> _EXERCISE OBJECTIVE_
Your task is to copy the data exactly while leaving out every picture.

> _THE DATA_
☆ ☆ ☆ ☆ ☆ ☆ ☆

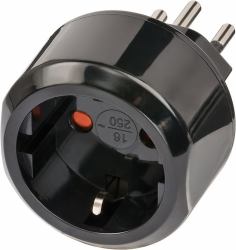 Brennenstuhl 1508642 adaptador de enchufe eléctrico Tipo J [CH] Negro (Power plug adapter Type J - [CH] Black CH/Aufsatz DE - Sicher 27 - Warranty: 12M)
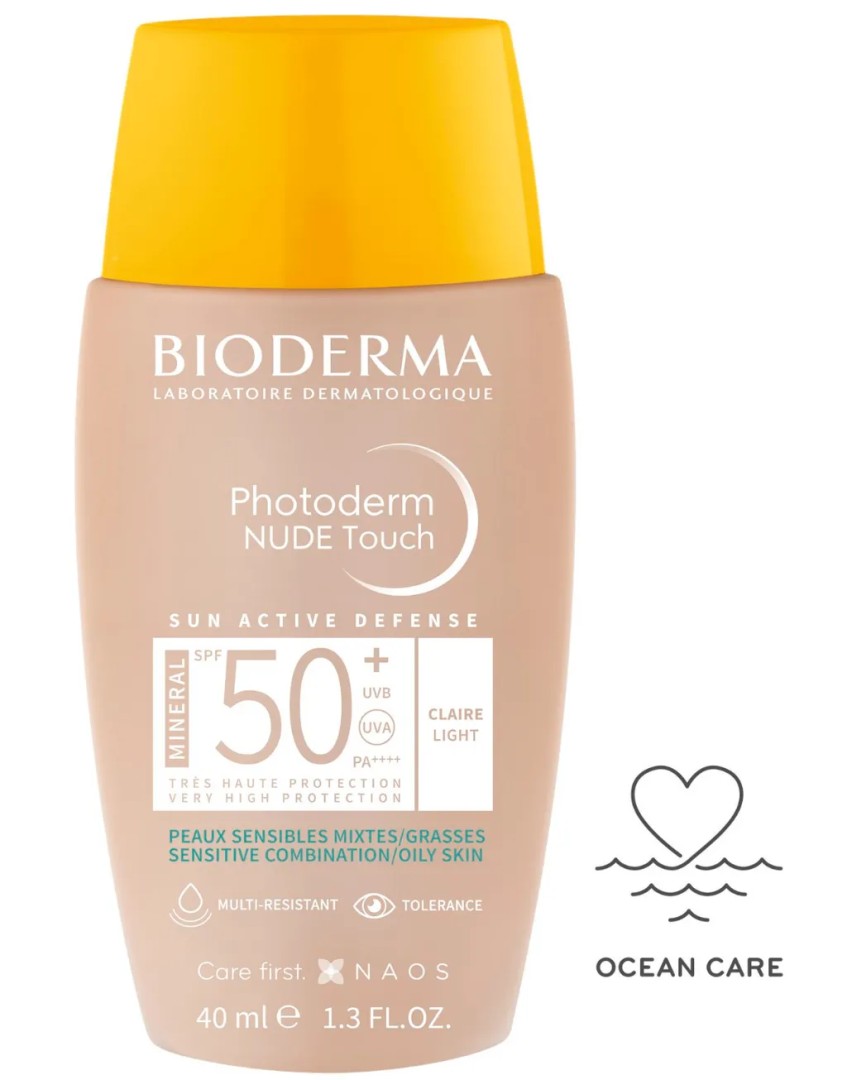 Bioderma Photoderm Cолнцезащитный флюид с тоном SPF50+, флюид, светлый, 40 мл, 1 шт.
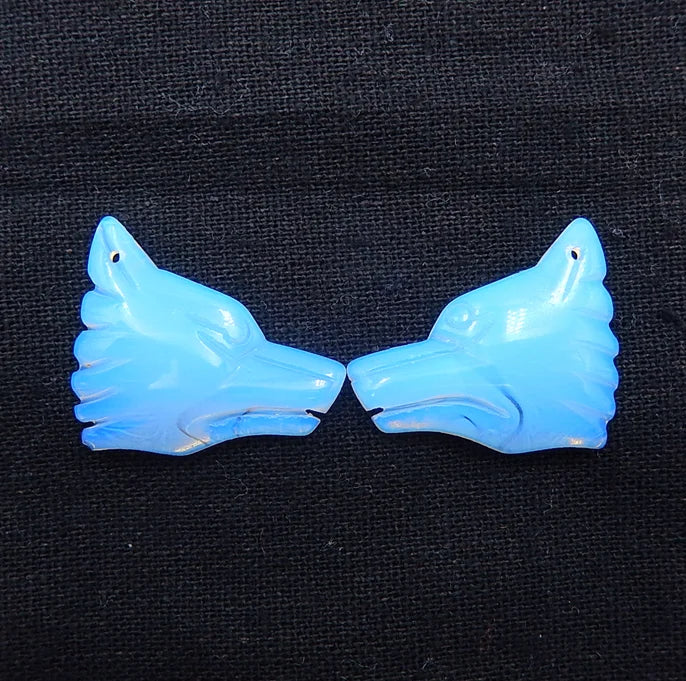 Wolf Head Opalite Carved Earrings Beads 29x24x4mm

☆ ☆ ☆ ☆ ☆ ☆ ☆

> _REPLY_
 Brennenstuhl 1508642 adaptador de enchufe eléctrico Tipo J [CH] Negro (Power plug adapter Type J - [CH] Black CH/Aufsatz DE - Sicher 27 - Warranty: 12M)
 Bioderma Photoderm Cолнцезащитный флюид с тоном SPF50+, флюид, светлый, 40 мл, 1 шт.
 Wolf Head Opalite Carved Earrings Beads 29x24x4mm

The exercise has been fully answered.